I have a use case where I have around 100 images each of 10000 unique items. I have 10 items with me which are all from the 10000 set and I know which 10 items too but only at the time of testing on live data. I have to now match the 10 items with their names. What would be an efficient way to recognise these items? I have full control of training environment background and the testing environment background. If I make one model of all 10000 items, will it scale? Or should I make 10000 different models and run the 10 items on the 10 models I have pretrained.
Your question is regarding something called "one-vs-all classification" you can do a google search for that, the first hit is a video lecture by Andrew Ng that's almost certainly worth watching.
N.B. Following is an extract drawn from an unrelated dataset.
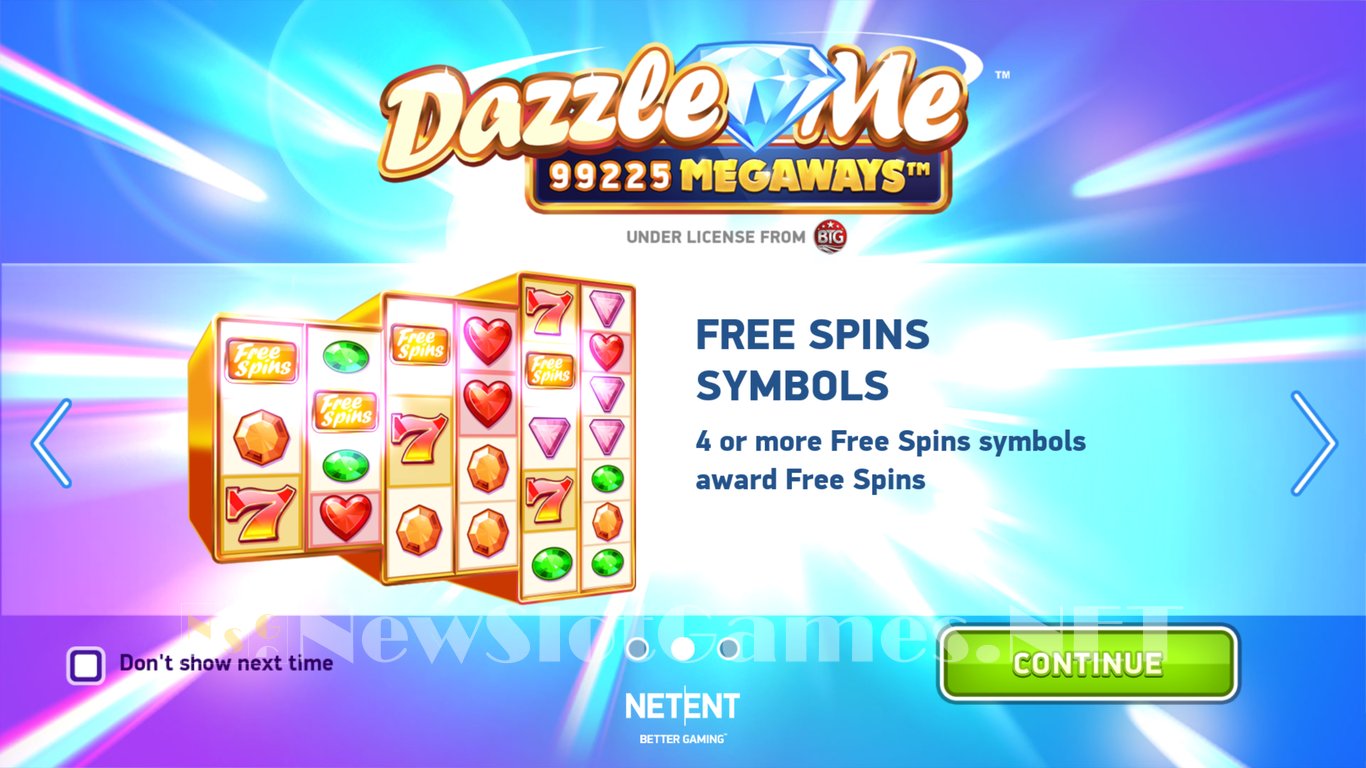Dazzle Me Megaways Slot Demo Image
The question has been long studied and in a plethora of contexts. The answer to your question does very much depend on what model you use. But I'll assume that, if you're doing image classification, you are using convolutional neural networks, because, after all, they're state of the art for most such image classification tasks.
In the context of convolutional networks, there is something called "Multi task learning" that you should read up on. Boiled down to a single sentence, the concept is that the more you ask the network to learn the better it is at the individual tasks. So, in this case, you're almost certain to perform better training 1 model on 10,000 classes than 10,000 classes each performing a one-vs-all classification scheme.
Take for example the 1,000 class Imagenet dataset, and CIFAR-10's 10 class dataset. It has been demonstrated in numerous papers that first training against Imagenet's 1,000 class dataset, and then simply replacing the last layer with a 10 class output and re-training on CIFAR-10's dataset will produce a better result than just training on CIFAR-10's dataset alone. There are admittedly multiple reasons for this result, Imagenet is a larger dataset. But the richness of class labels, multi-task learning, in the Imagenet dataset is certainly among the reasons for this result.
So that was a long winded way of saying, use one model with 10,000 classes.
An aside:
If you want to get really, really interesting, and jump into the realm of research level thinking, you might consider a 1-hot vector of 10,000 classes rather sparse and start thinking about whether you could reduce the dimensionality of your output layer using an embedding. An embedding would be a dense vector, let's say size 100 as a good starting point. Now class labels turn into clusters of points in your 100 dimensional space. I bet your network will perform even better under these conditions.
If this little aside didn't make sense, it's completely safe to ignore it, your 10,000 class output is fine. But if it did peek your interest look up information on Word2Vec, and read this really nice post on how face recognition is achieved using embeddings: https://medium.com/#ageitgey/machine-learning-is-fun-part-4-modern-face-recognition-with-deep-learning-c3cffc121d78. You might also consider using an Auto Encoder to generate an embedding for the images (though I favor triplet embeddings as typically used in face recognition myself).